Oh, and the food is great too. I had a full English breakfast: scrambled egg, bacon, tomatoes, one hash brown, toast (one piece fried) and cups of tea. All for £3.10.
Caffs are to the British what classic, Art Deco-style diners are to Americans. There were once thousands of caffs throughout Britain, mostly in London, opened originally by an influx of Italian immigrants in the 1950s.
But like other English icons such as the double-decker Routemaster bus and the red phone booth, the British caff is an endangered species. There are about 500 left — fewer than 100 in London, says Adrian Maddox, author of the book Classic Cafes. In London, the number of independent cafes has fallen by 40% since 2000, according to a study commissioned by HP Sauces, a condiment maker whose brown steak sauce is a staple at caff tables. The study says caffs could disappear completely by 2010.

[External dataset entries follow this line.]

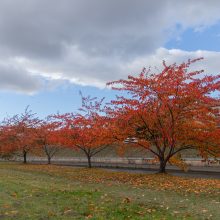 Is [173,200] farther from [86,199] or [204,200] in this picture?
[86,199]

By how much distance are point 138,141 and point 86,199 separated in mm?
12454

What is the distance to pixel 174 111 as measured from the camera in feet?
71.0

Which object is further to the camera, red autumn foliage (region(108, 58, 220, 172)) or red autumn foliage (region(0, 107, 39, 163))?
red autumn foliage (region(0, 107, 39, 163))

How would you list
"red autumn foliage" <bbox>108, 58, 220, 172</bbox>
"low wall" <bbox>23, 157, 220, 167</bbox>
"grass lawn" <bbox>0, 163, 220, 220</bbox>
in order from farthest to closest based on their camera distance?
"low wall" <bbox>23, 157, 220, 167</bbox>
"red autumn foliage" <bbox>108, 58, 220, 172</bbox>
"grass lawn" <bbox>0, 163, 220, 220</bbox>

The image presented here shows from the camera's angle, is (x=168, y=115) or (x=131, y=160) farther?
(x=131, y=160)

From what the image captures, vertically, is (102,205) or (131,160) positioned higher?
(131,160)

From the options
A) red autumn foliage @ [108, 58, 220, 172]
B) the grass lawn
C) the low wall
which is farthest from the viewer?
the low wall

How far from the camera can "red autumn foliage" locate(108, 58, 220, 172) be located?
2111cm

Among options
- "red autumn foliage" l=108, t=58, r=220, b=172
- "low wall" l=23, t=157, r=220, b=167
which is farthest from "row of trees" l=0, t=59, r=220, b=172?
"low wall" l=23, t=157, r=220, b=167

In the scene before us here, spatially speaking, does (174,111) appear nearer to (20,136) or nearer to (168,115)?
(168,115)

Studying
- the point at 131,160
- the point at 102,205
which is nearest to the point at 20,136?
the point at 131,160

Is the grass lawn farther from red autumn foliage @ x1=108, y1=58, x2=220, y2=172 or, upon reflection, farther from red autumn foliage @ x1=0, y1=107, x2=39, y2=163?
red autumn foliage @ x1=0, y1=107, x2=39, y2=163

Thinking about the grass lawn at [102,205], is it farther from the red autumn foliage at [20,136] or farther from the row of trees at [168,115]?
the red autumn foliage at [20,136]

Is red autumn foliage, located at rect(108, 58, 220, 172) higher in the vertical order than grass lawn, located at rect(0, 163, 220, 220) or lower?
higher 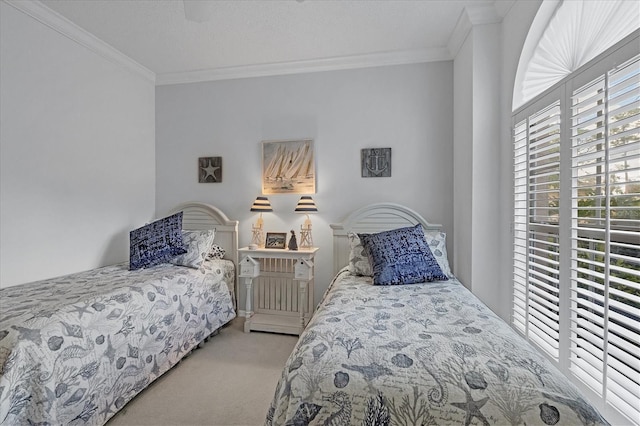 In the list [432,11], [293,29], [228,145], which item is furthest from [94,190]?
[432,11]

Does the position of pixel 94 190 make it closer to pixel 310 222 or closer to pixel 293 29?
pixel 310 222

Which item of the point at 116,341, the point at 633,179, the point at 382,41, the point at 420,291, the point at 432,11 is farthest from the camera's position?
the point at 382,41

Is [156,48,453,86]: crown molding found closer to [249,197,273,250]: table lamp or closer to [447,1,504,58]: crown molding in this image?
[447,1,504,58]: crown molding

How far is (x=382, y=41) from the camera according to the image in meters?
2.73

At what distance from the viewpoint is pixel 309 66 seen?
3102mm

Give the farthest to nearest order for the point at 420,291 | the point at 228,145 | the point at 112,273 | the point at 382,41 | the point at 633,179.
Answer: the point at 228,145
the point at 382,41
the point at 112,273
the point at 420,291
the point at 633,179

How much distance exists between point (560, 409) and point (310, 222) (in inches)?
95.6

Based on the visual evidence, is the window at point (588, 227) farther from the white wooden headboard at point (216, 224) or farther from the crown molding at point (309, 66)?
the white wooden headboard at point (216, 224)

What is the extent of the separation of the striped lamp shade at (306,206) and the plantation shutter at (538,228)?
1.65m

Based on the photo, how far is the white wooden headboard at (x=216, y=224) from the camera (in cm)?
322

In a review of Classic Cafes, Sandi Toksvig of BBC 4 has this to say: “Often dismissed as ‘greasy spoons’, classic cafes are actually little gems of British vernacular high street commercial design. Here the last remaining enclaves originally vilified in the 1950s for their embodiment “of corrupt brightness, of improper appeals and moral evasions – a sort of spiritual dry rot amid the odour of boiled milk” are extensively revealed and reappraised. For 50s Britain, cafes once represented a European dynamism that added much needed colour to Britain’s post-war social, artistic and commercial scene. However, by the late 70s their original spirit had been extinguished and throughout the 80s and 90s they fell into disuse – despised and forgotten. Today these classic cafes retain a quintessential, poignant quality of lost English drabness and a ‘contemporary’ utilitarian minimalist aesthetic that marks them out as icons of design.”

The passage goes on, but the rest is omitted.